Thanks for all the info! I'm thinking of using deer fencing & landscape timbers for the yard fence... My backyard is closed in on 3 sides except for the driveway side where you pull around tithe back... The very back of the property is a brick wall with wooden fence on the sides... I shouldn't need more than a 100 ft of deer fencing to close it in & tie into the existing fences.... Thoughts & comments on using deer fencing would be appreciated... I plan on using the siding I have left over in 2 ft X6 ft sections & screwing into the bottom of the timbers when the fence is done.. Ill let it overlap the ground & cover it up with rock from my yard....


----------



## jwhitty (Jul 25, 2013)

My back yard is rock mostly but ire moved a big section of the rock to put in top soil & I'm going to plant something they can scratch like chickweed or some other type of year round clover.... When I get the coop done ill dig a trench around it & bury it a little in the ground & heap the rock up next to the coop to keep out night creepers... I purposefully left the sheet medal hang down lower than the swing set frame ski can bury it in the rock... Thoughts & comments...;-)????


----------



## MamaHen (Apr 15, 2013)

jwhitty said:


> Thanks for all the info! I'm thinking of using deer fencing & landscape timbers for the yard fence... My backyard is closed in on 3 sides except for the driveway side where you pull around tithe back... The very back of the property is a brick wall with wooden fence on the sides... I shouldn't need more than a 100 ft of deer fencing to close it in & tie into the existing fences.... Thoughts & comments on using deer fencing would be appreciated... I plan on using the siding I have left over in 2 ft X6 ft sections & screwing into the bottom of the timbers when the fence is done.. Ill let it overlap the ground & cover it up with rock from my yard....


Maybe you'll have better luck with deer fencing than me, but I know others use it just fine. My personal use with it was a waste of time and money (maybe I'm too picky  ) it's nice that it is so cheap, but be careful when handling it, it's flimsy.

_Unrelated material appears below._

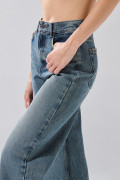 Jean baggy infaltables azul con bota ancha y tiro medio
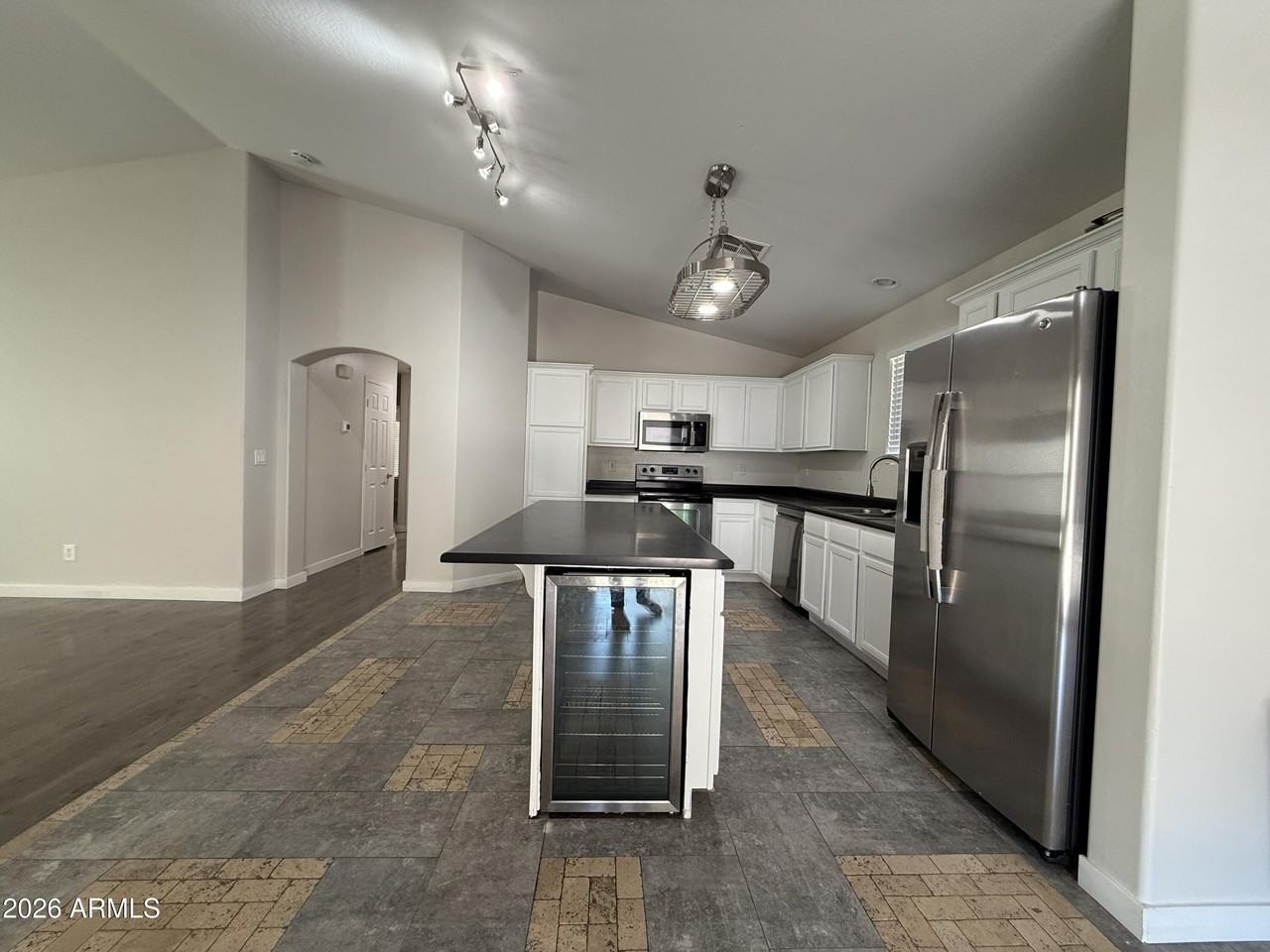 6723 W Beverly Rd - Photo 5 of 23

I would love to see pictures of what you're doing! I love recycling and repurposing anything and everything and I'm also a frugal person. My coop & run is made mostly of recycled material.


----------



## etc (Nov 15, 2012)

I'm not familiar with deer fence, but I know there's a plastic kind and a steel kind, so don't know which you might mean. Plastic deer fence will not keep a neighborhood dog from coming in and having a little chicken dinner, or a coyote, raccoon, opossum, which all can climb and all have claws. If the chickens will be put inside a secure coop at night, you may be able to risk using deer fence to keep the chickens in during the day. Or, you can run an electric wire around the outside if you have problems.


----------



## sbon2727 (Aug 17, 2013)

we partially converted our cedar clubhouse/swim set to a coop this summer and love it. still a little cosmetic stuff to do, but it works great! most people don't even realize its a chicken coop


----------